### BRIEF
From the data below, repeat exactly the lines from the line with "منقل شاه نشین" to the line with "Toyota Auris 1.8", both included.

== INFORMATION PROVIDED ==

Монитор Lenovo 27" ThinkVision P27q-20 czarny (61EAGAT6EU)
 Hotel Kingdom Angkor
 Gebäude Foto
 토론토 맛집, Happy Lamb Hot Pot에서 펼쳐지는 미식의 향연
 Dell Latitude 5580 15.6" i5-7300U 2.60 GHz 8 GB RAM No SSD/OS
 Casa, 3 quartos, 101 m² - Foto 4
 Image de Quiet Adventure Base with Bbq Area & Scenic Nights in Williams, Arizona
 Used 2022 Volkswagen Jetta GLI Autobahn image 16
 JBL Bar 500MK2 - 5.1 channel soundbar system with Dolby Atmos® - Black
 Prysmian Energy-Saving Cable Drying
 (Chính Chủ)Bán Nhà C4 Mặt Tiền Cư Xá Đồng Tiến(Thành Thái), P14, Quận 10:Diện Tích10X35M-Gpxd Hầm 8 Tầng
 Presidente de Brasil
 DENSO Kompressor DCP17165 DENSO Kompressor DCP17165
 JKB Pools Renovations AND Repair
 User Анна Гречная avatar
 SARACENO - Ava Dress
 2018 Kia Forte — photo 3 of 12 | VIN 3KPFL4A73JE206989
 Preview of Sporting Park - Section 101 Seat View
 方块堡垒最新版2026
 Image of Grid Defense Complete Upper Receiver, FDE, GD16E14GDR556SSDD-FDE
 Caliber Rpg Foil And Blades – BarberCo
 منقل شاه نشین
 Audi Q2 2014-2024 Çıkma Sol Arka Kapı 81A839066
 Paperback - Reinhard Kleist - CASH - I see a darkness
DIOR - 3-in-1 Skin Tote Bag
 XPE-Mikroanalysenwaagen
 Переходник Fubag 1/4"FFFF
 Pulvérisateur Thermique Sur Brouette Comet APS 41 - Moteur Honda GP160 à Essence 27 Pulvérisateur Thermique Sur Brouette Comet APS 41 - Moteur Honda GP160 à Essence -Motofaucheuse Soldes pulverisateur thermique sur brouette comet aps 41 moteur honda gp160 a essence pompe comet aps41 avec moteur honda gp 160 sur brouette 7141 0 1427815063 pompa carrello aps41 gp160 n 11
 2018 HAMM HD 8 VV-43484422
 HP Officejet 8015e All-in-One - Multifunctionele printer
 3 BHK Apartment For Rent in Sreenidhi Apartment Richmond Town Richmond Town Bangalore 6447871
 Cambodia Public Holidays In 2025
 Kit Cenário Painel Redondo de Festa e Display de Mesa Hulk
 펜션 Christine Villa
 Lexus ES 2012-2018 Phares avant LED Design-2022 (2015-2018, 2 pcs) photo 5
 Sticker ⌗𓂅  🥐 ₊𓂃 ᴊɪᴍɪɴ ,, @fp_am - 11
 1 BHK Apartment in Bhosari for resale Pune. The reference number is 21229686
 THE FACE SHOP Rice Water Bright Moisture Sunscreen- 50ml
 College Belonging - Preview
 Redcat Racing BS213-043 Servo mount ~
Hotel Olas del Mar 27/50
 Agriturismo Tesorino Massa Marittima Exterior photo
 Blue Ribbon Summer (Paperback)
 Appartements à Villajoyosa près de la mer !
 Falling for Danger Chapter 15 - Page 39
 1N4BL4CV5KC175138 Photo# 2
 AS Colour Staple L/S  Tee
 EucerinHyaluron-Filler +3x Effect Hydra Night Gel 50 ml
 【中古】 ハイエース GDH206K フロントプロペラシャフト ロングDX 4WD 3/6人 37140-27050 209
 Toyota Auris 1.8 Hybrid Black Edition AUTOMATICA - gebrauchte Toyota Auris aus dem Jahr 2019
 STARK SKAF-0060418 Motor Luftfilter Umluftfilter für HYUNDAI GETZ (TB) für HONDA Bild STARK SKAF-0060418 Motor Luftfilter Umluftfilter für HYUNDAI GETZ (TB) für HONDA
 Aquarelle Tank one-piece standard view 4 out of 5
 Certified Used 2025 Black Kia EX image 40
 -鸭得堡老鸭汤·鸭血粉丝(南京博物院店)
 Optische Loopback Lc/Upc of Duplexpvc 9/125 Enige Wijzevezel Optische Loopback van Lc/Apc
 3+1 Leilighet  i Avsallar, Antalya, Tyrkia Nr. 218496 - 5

===

### ANSWER TO THIS EXERCISE
 منقل شاه نشین
 Audi Q2 2014-2024 Çıkma Sol Arka Kapı 81A839066
 Paperback - Reinhard Kleist - CASH - I see a darkness
DIOR - 3-in-1 Skin Tote Bag
 XPE-Mikroanalysenwaagen
 Переходник Fubag 1/4"FFFF
 Pulvérisateur Thermique Sur Brouette Comet APS 41 - Moteur Honda GP160 à Essence 27 Pulvérisateur Thermique Sur Brouette Comet APS 41 - Moteur Honda GP160 à Essence -Motofaucheuse Soldes pulverisateur thermique sur brouette comet aps 41 moteur honda gp160 a essence pompe comet aps41 avec moteur honda gp 160 sur brouette 7141 0 1427815063 pompa carrello aps41 gp160 n 11
 2018 HAMM HD 8 VV-43484422
 HP Officejet 8015e All-in-One - Multifunctionele printer
 3 BHK Apartment For Rent in Sreenidhi Apartment Richmond Town Richmond Town Bangalore 6447871
 Cambodia Public Holidays In 2025
 Kit Cenário Painel Redondo de Festa e Display de Mesa Hulk
 펜션 Christine Villa
 Lexus ES 2012-2018 Phares avant LED Design-2022 (2015-2018, 2 pcs) photo 5
 Sticker ⌗𓂅  🥐 ₊𓂃 ᴊɪᴍɪɴ ,, @fp_am - 11
 1 BHK Apartment in Bhosari for resale Pune. The reference number is 21229686
 THE FACE SHOP Rice Water Bright Moisture Sunscreen- 50ml
 College Belonging - Preview
 Redcat Racing BS213-043 Servo mount ~
Hotel Olas del Mar 27/50
 Agriturismo Tesorino Massa Marittima Exterior photo
 Blue Ribbon Summer (Paperback)
 Appartements à Villajoyosa près de la mer !
 Falling for Danger Chapter 15 - Page 39
 1N4BL4CV5KC175138 Photo# 2
 AS Colour Staple L/S  Tee
 EucerinHyaluron-Filler +3x Effect Hydra Night Gel 50 ml
 【中古】 ハイエース GDH206K フロントプロペラシャフト ロングDX 4WD 3/6人 37140-27050 209
 Toyota Auris 1.8 Hybrid Black Edition AUTOMATICA - gebrauchte Toyota Auris aus dem Jahr 2019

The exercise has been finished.